Our favorite set in the movie? Fat Sam's Grand Slam, the infamous nightclub owned by notorious gang boss, Fat Sam and featuring Jodie Foster as singer Tallulah, his dame and the club's lead act.
The Great Gatsby (1974/2013)
This F. Scott Fitzgerald novel about the slow disillusionment of a hopeful young man amid the grandeur and opulence of 1920s society life has been adapted for the stage and screen many times throughout the world and every time, set and stage decorators have relied on classic Art Deco styling to bring the decadence and melancholy of the era alive for movie and theater-goers.
Five separate full-length movie adaptations have captured the era and the story, starting in 1926 and all of them have done the story and the stylings of the time justice. We're not going to lie, it's impossible to choose just one here, so we're going to call it even between Jack Clayton and Francis Ford Coppola's 1974 version, and Baz Luhrmann's 2013 masterpiece.

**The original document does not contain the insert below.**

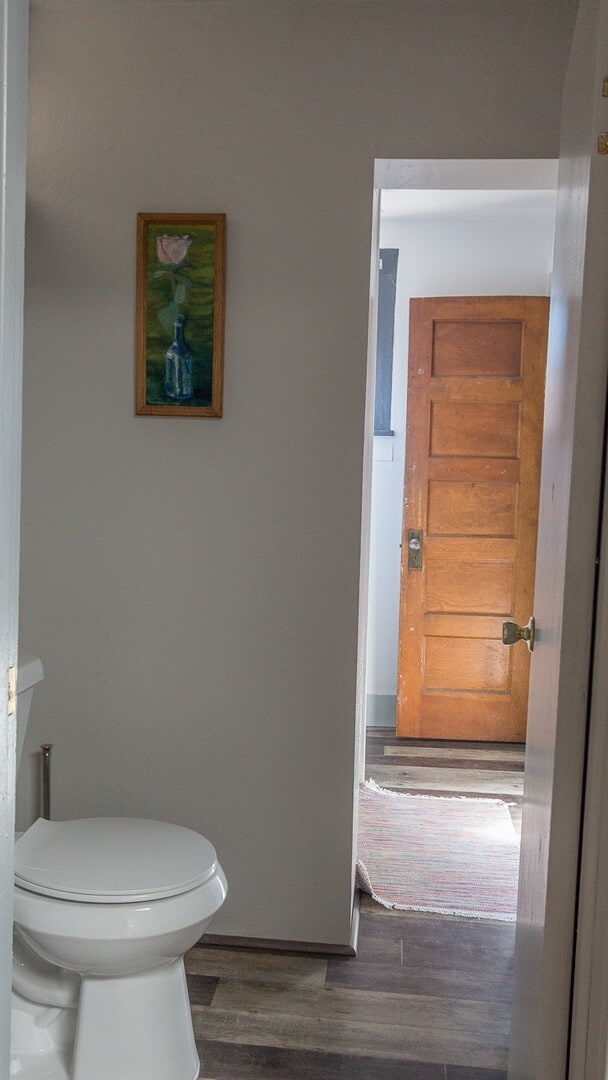 Building Photo - 137 W Tomichi Ave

What? We have to choose a favorite set? Ok, then, Daisy's sitting room in the 2013 version, with the billowing curtains, plush white furnishings and strategically placed accent pieces that made us drool just a tiny bit. And we're not even going to get started talking about that carpet...
Swing Time (1936)
Is it cheating to pick a movie that's not only set in the era, but was filmed during Art Deco's heyday? We think not! Ginger Rogers and Fred Astaire famously glided, tripped, skipped and swayed their way together across the silver screen in no less than ten musical comedies between 1933 and 1949.
1936's Swing Time is widely touted by dance enthusiasts as including some of the pair's best dancing performances in their careers together and features the Oscar-winning song, "The Way You Look Tonight," still a beloved classic. There's nothing quite like the sheer authenticity of a movie masterpiece that was filmed during the Art Deco era to appreciate the true style and grace behind it.
Everything about this film sweeps us away into an Art Deco paradise – but our favorite (and we're sure it's the favorite of many, many others, too) is the Silver Sandal with its impeccable attention to detail, gorgeous symmetrical step-repeat patterns showing up simply everywhere, its dazzling use of metallic fabrics to create shimmer and a sense of opulence in this black-and-white film, the lighting that's just perfectly on point... we could go on and on!
We can't recommend it often enough – if you love Art Deco even half as much as we do and you want to start dipping your toe into it, make a weekend of it. Line up a few good movies that bring Art Deco to life and immerse yourself in the world of gangsters, disaffected youth and swinging dance partners. We're convinced you'll find the inspiration you're looking for.